A couple events caused some severe swings in the market. The first one was a typical case of the dog catching the car—now what? I am talking about the Irish debt saga that had traders breathe a sigh of relief on Friday as it appeared that the Irish would agree to a rescue package.
Now that it is in process of being finalized, doubts keep coming up that it might not be a great long term solution (it won’t) and that it might prolong the pain and duration of a recovery (it will).
At the same time, fears prevailed that the problem may spread to those countries in the on-deck circle, namely Portugal and Spain. In other words, the European debt crisis is in full swing and there will be more to come for sure. Stay tuned!
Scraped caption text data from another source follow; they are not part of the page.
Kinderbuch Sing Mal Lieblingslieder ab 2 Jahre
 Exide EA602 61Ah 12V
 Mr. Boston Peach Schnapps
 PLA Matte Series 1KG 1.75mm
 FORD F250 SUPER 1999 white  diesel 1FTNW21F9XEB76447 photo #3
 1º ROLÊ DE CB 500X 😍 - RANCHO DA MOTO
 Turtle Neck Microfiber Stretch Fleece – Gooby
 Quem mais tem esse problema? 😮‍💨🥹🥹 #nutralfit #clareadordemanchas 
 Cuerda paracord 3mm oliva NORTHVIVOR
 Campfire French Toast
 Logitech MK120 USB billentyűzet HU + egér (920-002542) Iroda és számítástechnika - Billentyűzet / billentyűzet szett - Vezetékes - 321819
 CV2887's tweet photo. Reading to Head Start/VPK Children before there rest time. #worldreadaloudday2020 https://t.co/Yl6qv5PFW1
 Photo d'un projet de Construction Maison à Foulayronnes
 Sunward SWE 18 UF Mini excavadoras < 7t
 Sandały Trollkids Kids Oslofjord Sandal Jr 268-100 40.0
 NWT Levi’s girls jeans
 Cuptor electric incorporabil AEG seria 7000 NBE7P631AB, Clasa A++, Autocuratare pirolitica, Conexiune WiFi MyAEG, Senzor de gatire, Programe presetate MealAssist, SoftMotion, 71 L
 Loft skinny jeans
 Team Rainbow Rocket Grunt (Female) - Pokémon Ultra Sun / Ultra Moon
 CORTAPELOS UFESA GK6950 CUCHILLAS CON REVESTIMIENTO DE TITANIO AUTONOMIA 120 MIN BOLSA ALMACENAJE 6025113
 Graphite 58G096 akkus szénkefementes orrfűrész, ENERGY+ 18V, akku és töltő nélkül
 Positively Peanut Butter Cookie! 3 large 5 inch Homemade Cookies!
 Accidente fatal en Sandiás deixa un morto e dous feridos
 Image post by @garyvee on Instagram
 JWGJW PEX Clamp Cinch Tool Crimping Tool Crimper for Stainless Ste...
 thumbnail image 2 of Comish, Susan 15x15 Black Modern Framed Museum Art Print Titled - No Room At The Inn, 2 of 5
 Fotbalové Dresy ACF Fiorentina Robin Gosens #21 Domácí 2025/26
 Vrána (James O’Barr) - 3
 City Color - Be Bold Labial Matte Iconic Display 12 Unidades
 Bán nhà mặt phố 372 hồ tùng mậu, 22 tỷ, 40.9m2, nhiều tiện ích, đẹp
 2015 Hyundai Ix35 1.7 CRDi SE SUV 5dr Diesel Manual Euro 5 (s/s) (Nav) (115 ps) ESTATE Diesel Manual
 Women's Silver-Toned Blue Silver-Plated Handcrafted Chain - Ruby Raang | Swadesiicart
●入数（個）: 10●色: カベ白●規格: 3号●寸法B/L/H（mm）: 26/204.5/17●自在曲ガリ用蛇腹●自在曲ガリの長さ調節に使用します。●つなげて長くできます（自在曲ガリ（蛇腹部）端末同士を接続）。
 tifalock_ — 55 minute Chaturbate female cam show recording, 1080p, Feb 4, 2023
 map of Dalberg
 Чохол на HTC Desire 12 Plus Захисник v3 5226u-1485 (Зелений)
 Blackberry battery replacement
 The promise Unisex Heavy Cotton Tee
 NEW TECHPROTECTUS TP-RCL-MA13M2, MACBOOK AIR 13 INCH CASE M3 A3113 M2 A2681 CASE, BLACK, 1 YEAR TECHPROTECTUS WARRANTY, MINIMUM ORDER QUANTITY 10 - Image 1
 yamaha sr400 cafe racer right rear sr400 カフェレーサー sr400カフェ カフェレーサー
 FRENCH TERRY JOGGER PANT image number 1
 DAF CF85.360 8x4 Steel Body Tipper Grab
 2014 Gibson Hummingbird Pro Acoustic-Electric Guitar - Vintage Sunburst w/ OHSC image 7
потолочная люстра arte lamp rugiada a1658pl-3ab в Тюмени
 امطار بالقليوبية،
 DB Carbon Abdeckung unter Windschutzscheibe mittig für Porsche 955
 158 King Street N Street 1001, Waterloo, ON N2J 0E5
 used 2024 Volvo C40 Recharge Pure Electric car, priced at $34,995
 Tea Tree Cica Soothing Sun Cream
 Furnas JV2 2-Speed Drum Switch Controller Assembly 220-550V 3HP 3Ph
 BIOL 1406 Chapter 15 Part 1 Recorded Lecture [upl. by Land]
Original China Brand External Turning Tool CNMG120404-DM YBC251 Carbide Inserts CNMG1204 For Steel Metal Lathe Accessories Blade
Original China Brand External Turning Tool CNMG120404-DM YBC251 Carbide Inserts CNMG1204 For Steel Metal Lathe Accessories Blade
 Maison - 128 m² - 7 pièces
Adding to market uncertainty was a sudden FBI raid on a couple Hedge fund offices said to be part of a string of possible insider trading networks. Ah yes, it’s about time another major while collar crime hits the news wires. It’s been a while since Bernie Madoff…
Given all that, it’s amazing that the markets managed such a solid comeback. I would expect volume to taper off as we get closer to Thanksgiving, so any market moves may be exaggerated until we return to normal next Monday.